# t is Barry Yoner Day?



## Steven Coffey (Jan 5, 2005)

*What is Barry Yoner Day?*

I am just a newbe here so just what the heck is Barry Yoner Day?


----------



## Da Queen (Mar 11, 2005)

Oh, My Lord! Aren't the Newbies just precious with their innocent wide eyed curiosity? Draw near to your Queen my dear and listen closely...hmmm...just how shall I find the words and where do I start???? It's an age old custom here at the PLBB...one that dates back to our earliest written records. It's part of our culture, our heritage. It makes us who we are! You see my young friend, long ago, in a galaxy far, far away...wait, no, sorry...let's not go there shall we....ummm...It was the best of times, it was the worst of times...yeah...that's it...OK, ummm...Barry Yoner, the Elder was a fine figure of a modeler and um.....one day, he stumbled into the Hawg's space here at the Clubhouse and that's when it all began....

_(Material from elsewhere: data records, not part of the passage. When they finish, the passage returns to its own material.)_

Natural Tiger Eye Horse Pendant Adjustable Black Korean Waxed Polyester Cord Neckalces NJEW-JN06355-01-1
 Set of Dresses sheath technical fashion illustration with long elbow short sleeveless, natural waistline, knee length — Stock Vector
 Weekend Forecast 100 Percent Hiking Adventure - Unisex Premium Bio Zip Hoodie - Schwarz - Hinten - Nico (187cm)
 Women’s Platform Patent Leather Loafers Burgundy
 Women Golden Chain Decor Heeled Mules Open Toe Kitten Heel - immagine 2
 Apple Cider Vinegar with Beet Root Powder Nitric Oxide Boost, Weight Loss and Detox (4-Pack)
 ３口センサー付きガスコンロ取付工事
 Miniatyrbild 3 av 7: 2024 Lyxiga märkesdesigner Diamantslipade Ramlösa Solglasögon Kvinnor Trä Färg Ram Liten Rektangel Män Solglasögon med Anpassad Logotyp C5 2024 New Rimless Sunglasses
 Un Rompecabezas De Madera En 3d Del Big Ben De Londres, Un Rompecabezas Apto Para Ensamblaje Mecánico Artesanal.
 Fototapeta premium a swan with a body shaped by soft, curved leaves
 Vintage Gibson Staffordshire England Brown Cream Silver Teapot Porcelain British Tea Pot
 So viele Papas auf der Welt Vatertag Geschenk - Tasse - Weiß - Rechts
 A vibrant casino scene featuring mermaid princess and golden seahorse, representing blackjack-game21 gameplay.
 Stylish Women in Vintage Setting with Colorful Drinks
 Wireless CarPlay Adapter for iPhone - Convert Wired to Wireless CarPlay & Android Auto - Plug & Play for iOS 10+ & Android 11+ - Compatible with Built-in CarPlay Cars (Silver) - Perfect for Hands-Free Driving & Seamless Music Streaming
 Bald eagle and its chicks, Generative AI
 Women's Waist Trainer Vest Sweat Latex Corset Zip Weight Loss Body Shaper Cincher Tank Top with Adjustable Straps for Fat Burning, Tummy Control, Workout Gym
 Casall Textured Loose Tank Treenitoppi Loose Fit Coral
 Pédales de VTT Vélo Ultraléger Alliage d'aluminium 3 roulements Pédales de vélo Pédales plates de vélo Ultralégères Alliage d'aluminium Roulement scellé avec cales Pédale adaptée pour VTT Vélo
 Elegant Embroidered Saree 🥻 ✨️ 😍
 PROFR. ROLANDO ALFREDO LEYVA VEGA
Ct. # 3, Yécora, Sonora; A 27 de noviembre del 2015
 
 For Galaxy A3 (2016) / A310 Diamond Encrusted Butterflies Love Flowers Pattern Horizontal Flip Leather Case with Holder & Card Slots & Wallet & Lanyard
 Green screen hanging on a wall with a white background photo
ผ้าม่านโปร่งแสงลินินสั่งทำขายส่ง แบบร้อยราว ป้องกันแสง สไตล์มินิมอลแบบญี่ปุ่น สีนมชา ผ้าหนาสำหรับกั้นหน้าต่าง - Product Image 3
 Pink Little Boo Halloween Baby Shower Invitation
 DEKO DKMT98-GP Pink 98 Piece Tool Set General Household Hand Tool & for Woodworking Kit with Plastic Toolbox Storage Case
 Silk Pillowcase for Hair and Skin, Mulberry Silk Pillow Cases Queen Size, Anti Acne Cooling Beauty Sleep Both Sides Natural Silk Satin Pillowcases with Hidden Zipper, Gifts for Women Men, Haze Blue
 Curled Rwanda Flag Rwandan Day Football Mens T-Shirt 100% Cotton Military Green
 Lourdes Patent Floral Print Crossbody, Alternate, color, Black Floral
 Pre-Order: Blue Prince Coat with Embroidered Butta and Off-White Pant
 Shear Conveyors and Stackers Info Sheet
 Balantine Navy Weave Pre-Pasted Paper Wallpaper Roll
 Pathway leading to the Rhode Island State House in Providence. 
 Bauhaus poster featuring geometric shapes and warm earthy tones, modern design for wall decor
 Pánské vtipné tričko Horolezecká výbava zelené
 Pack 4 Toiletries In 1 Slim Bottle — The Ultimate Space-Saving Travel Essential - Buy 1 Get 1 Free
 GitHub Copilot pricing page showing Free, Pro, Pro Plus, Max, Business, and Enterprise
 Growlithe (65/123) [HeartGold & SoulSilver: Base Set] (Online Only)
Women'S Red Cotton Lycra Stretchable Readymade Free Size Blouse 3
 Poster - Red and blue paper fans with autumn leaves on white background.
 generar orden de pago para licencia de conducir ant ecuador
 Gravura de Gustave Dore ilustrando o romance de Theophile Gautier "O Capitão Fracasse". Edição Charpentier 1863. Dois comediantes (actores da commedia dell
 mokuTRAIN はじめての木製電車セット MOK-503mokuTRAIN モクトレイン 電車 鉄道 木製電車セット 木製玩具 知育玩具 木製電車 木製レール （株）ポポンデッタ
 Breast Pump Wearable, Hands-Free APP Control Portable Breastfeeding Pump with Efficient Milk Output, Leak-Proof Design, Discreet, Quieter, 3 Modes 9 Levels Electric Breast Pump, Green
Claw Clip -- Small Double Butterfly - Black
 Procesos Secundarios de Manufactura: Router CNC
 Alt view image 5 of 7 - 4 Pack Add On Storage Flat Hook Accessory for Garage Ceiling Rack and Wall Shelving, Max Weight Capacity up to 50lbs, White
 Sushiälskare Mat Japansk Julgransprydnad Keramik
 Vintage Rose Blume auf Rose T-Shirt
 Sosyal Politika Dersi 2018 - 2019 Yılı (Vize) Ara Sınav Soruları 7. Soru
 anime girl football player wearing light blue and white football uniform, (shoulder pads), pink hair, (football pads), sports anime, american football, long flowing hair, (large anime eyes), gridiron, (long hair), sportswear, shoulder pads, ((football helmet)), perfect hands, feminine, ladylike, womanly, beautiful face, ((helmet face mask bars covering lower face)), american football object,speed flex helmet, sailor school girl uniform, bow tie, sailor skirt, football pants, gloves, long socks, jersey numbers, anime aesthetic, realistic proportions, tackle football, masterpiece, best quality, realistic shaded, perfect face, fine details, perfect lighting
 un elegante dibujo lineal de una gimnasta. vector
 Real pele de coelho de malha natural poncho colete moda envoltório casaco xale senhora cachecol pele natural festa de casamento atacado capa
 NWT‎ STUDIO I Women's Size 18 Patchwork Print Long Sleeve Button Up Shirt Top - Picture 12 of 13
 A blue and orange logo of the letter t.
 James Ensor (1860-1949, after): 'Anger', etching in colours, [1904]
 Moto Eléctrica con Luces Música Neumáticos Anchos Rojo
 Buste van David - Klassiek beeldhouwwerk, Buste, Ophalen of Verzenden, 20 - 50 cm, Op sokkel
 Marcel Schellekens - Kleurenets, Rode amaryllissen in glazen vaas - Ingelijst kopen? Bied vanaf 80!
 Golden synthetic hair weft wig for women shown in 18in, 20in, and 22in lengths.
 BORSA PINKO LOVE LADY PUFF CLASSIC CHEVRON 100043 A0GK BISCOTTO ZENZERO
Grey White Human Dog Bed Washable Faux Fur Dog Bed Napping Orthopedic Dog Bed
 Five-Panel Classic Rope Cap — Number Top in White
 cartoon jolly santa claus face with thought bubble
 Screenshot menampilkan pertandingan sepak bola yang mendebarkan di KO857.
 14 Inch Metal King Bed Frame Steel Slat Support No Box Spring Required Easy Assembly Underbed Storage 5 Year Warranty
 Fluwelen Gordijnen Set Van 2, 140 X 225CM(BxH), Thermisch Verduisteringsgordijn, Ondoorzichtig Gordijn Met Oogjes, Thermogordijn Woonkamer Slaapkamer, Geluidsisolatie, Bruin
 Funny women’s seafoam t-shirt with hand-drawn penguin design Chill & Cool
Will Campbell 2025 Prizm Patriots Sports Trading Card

OK, guys...here's where the rest of you take a turn telling part of the tale of how Barry Yoner Day came to be. Feel free to jump in and help re-record this part of our history.

Hugs!
Lisa


----------



## John P (Sep 1, 1999)

I actually have no idea what the story is, but I love to crash parties, so here I am .


----------



## Barry Yoner (Mar 6, 1999)

Pray, O Queen, do regale us with the tale of olde! :hat:


----------



## yamahog (Nov 19, 1998)

Mr. Coffee,
"Barry Yoner Day" or, as it was first called, "Barry Yoner Day," began in 1959. See pic.










As "Barry Yoner Day" began to catch on, celebrities started competing. Here, Sir Alec Guinness makes an appearance, circa 1977 (dressed as Carrie Fisher, no less). 










And that's the story of how "Barry Yoner Day" came into being.


----------



## Steven Coffey (Jan 5, 2005)

yamahog said:


> Mr. Coffee,


 It's Mr.Coffey ,.......Damn it Jim, I'm model builder not a coffee maker!


----------



## Da Queen (Mar 11, 2005)

Ahhh my loyal knights...you do not remember how we pass our history from one generation to the next? Has my absence caused you to fall into a stupor cast by our foes? Sweet Ones...this is the time for you each to step forward and add a small piece to the story. It doth not matter, really...historical accuracy...but only that you be witty and clever in your speech. Pray, set an example for this little one called Mr. Coffee and in doing so, help preserve our history. Sir Hawg...how it warms my heart to see that you have faithfully guarded these most treasured pictures of Yoner Days of olde. They were wonderful times were they not? How I look forward to this year's celebration!!!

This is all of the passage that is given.